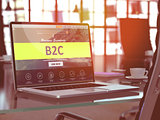 B2C on Laptop in Modern Workplace Background.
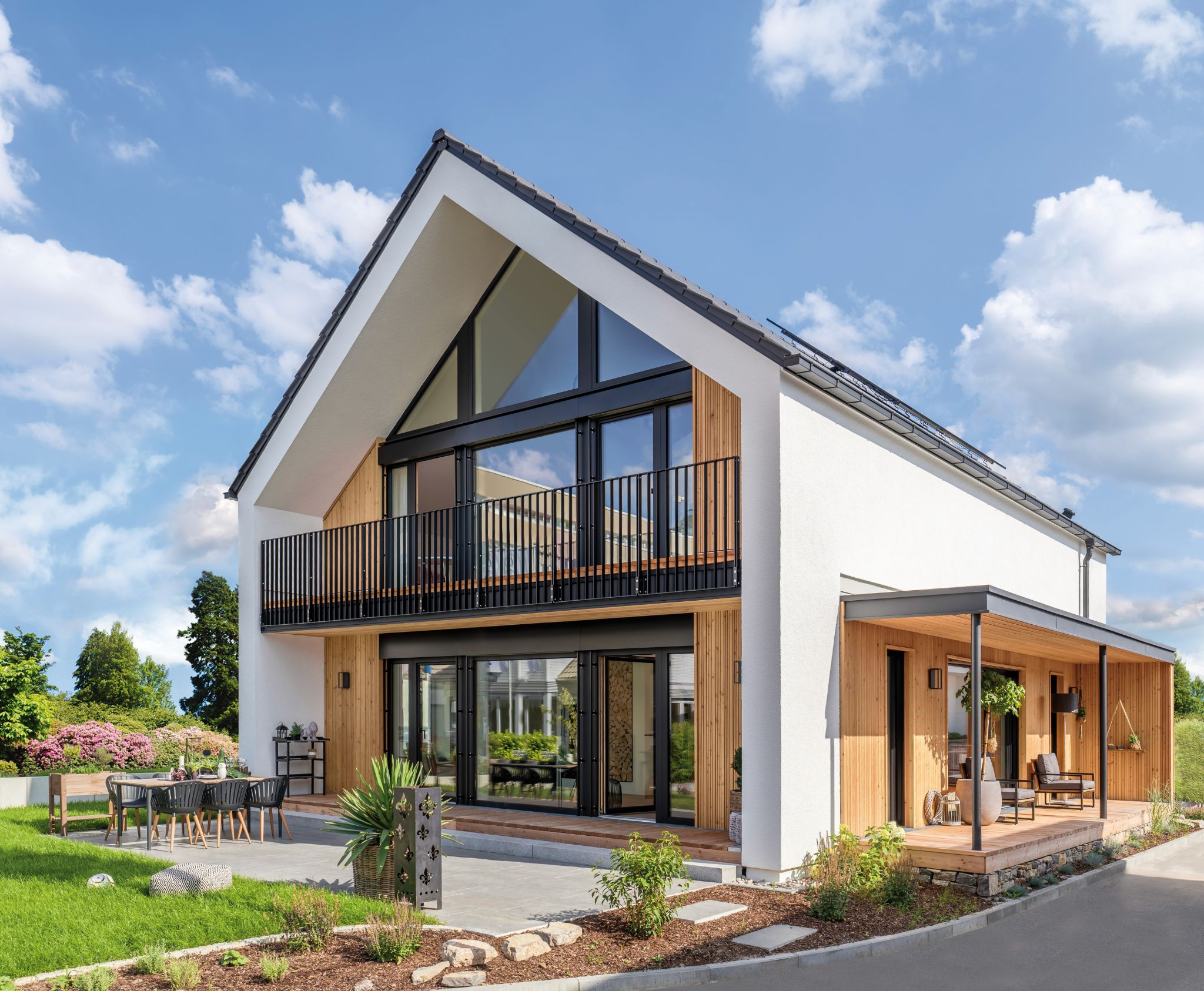 Modernes Einfamilienhaus mit Pultdach, viel Holz und großen Glasflächen, Terrasse und Außenbestuhlung.
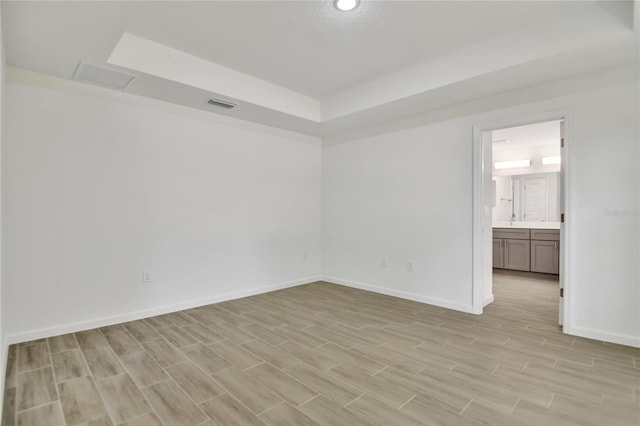 314A Dagama Ct, Kissimmee, FL 34758 - empty room featuring visible vents, baseboards, and wood finish floors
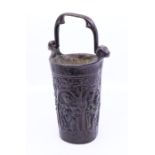 An antique bronze Holy water vessel with swing handle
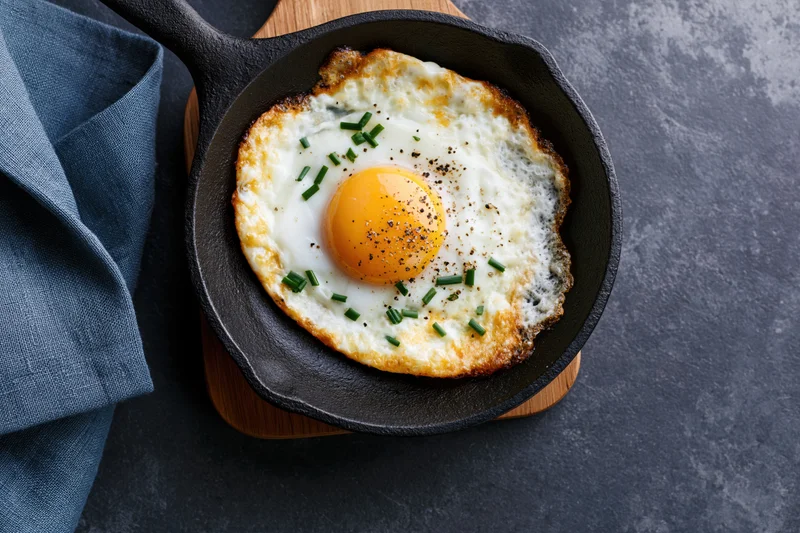 Sunny-side-up fried egg in seasoned cast iron skillet on wooden trivet with blue cloth napkin beside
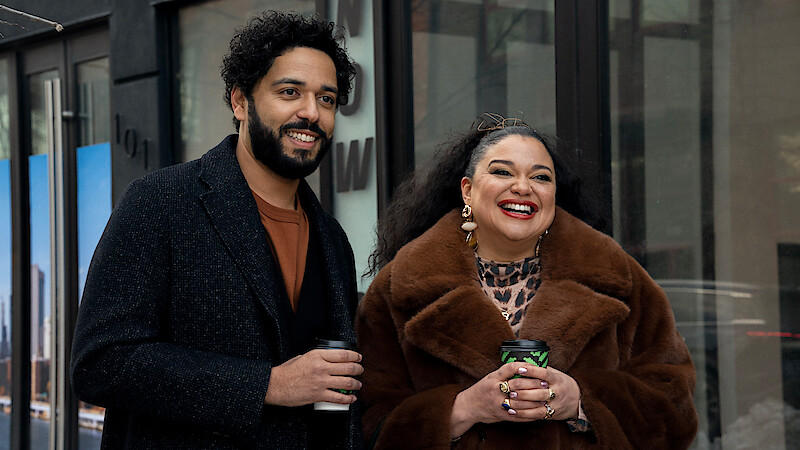 Two people smiling and holding coffee cups, standing outside a modern urban building. The man wears a dark coat and the woman is in a brown fur coat with bold accessories. City reflections are visible in the glass behind them.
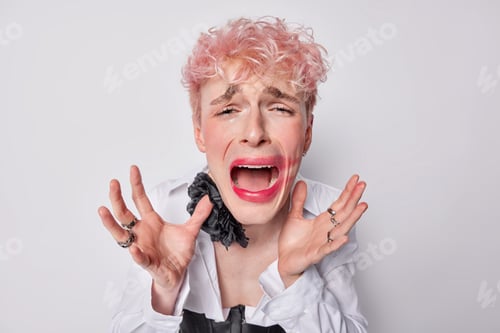 Preview: Upset crying pink haired gay spreads palms looks desperate at camera has doleful sad expression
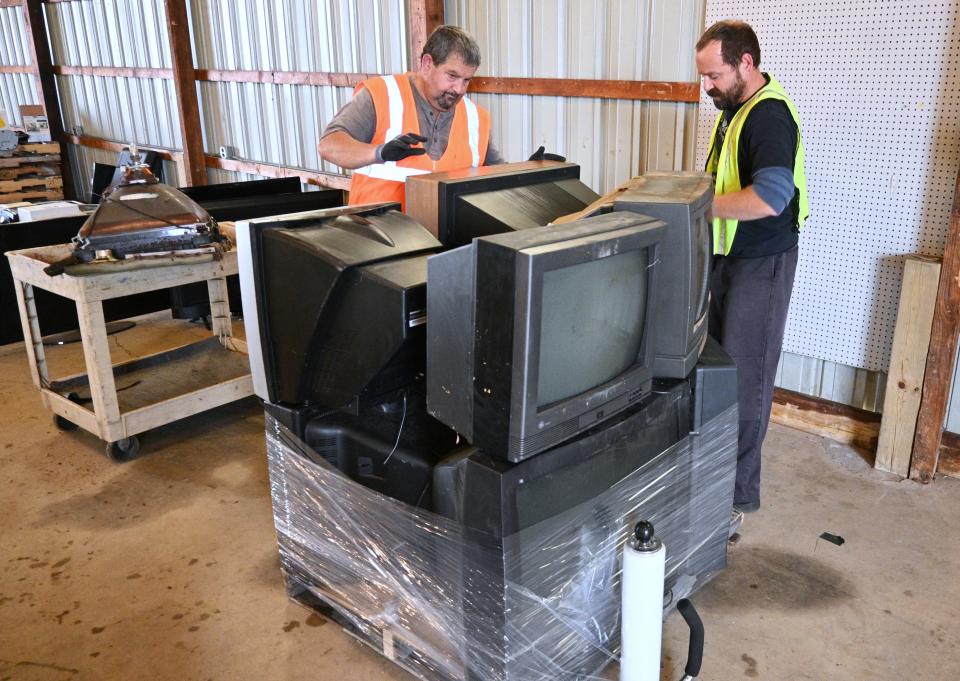 Steve Noble, environmental quality specialist with the Michigan Department of Environment, Great Lakes and Energy, and Jeff Buterbaugh wrap up a pallet of TVs hazardous because of lead glass tubes.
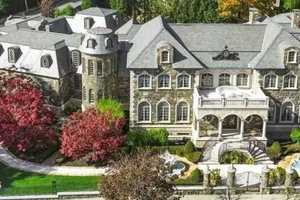 NY Socialite's Former Mansion With Bowling Alley, Koi Pond, Elevator Listed For $25M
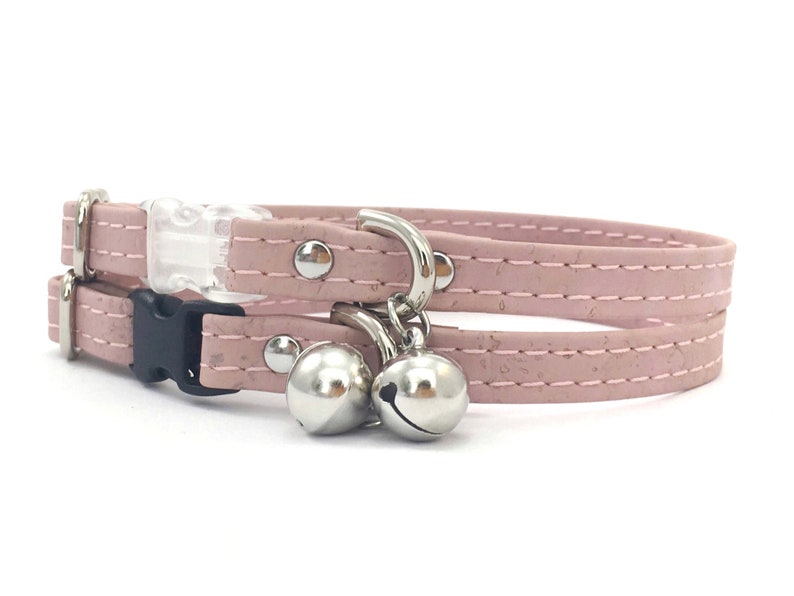May include: A pink cat collar with a breakaway buckle and two silver bells. The collar is made of cork and has a stitched design.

(Task brief):
Reproduce the records above exactly, but only from the line with "Steve Noble, environmental" up to and including the line with "NY Socialite's Former". Leave the pictures out.

(Reply to the exercise):
 Steve Noble, environmental quality specialist with the Michigan Department of Environment, Great Lakes and Energy, and Jeff Buterbaugh wrap up a pallet of TVs hazardous because of lead glass tubes.
 NY Socialite's Former Mansion With Bowling Alley, Koi Pond, Elevator Listed For $25M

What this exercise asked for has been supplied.